One potential source is uBio, which provides web services for retrieving information on names. Hence, an obvious approach is to map NCBI names to uBio names. However, if I use uBio's SOAP service typically I get multiple records for the same name. Some of these are due to homomyms (e.g., the same name used for a plant and an animal), but many are the same name with variations on the taxonomic authority. Much of this variation arises because uBio aggregates information from a wide range of databases, and each database differs in who it records the taxonomic authority.
For example, for the name "Diplura" (which I've discussed earlier) we get these names and authorities:
- Diplura (Greene MS.) Allman 1864
- Diplura Borner, 1904
- Diplura C. L. Koch 1850
- Diplura G. J. Hollenberg, 1969
- Diplura Hollenb.
- Diplura Jerdon 1864
- Diplura Koch 1850
- Diplura Koch 1851
- Diplura Rambur 1866
- Diplura Simon 1892
The nodes in the graph are the taxonomic authorities, "cleaned" by making all the text lower case, and stripping any punctuation. The edges are labelled by the length of the longest common substring shared by the nodes that edge links (I ignore substrings less than four characters long). This graph groups the variations on Diplura Koch (a spider), and Diplura Hollenberg (a brown alga, see doi:10.1111/j.1529-8817.1969.tb02617.x).

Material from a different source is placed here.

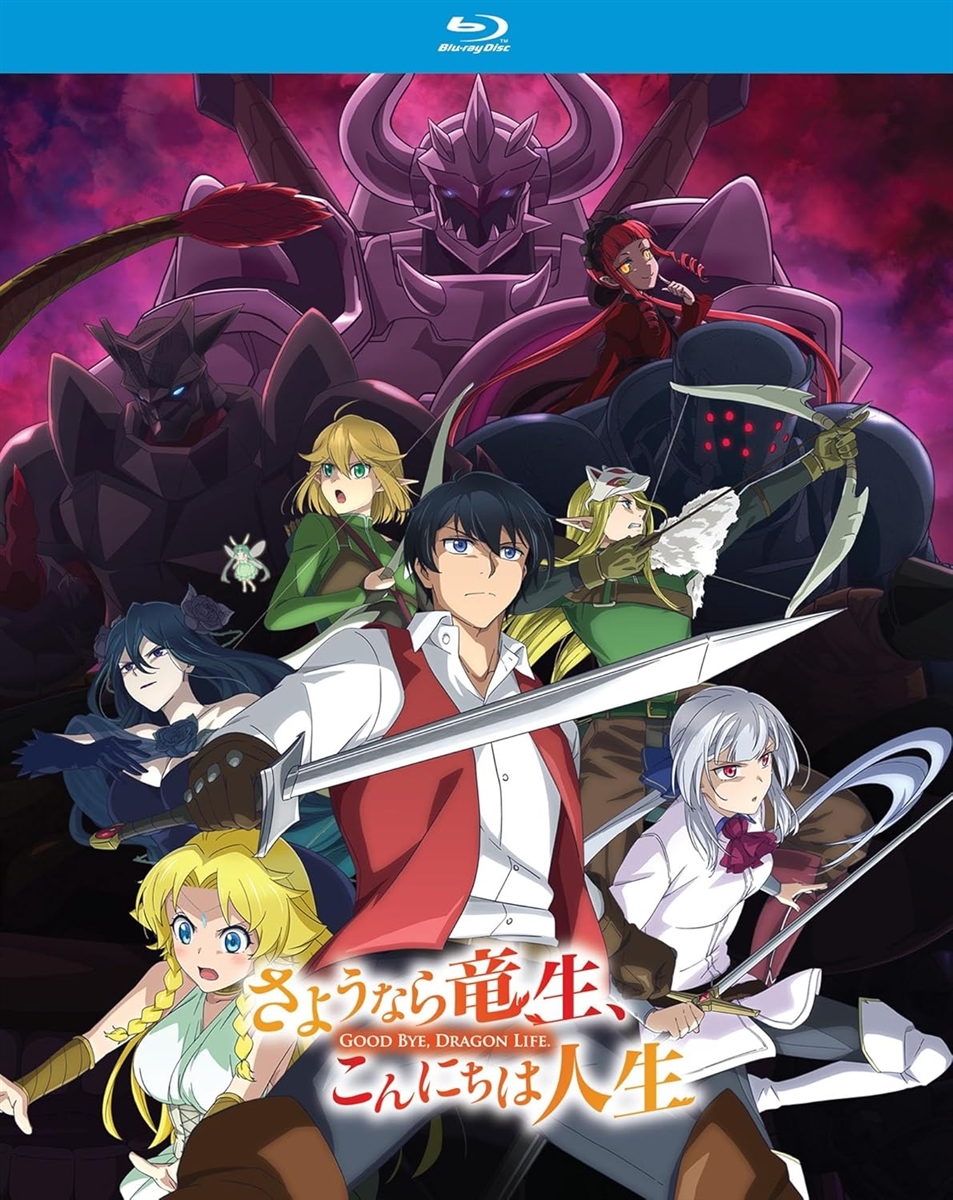 Good Bye, Dragon Life Disc 1 Blu-ray (Rental)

Not surprisingly, perhaps, the linkouts from the NCBI taxonomy for Diplura are a mess, with the algal genus (taxon:371965 linking to both plant and animal databases, and the insect class (taxon:29997) linking to a mix of plants and animals, not all of the animals are insects.
I'm still playing with the underlying code, but I might try and build a web service that returns name clusters (and perhaps the graph as well).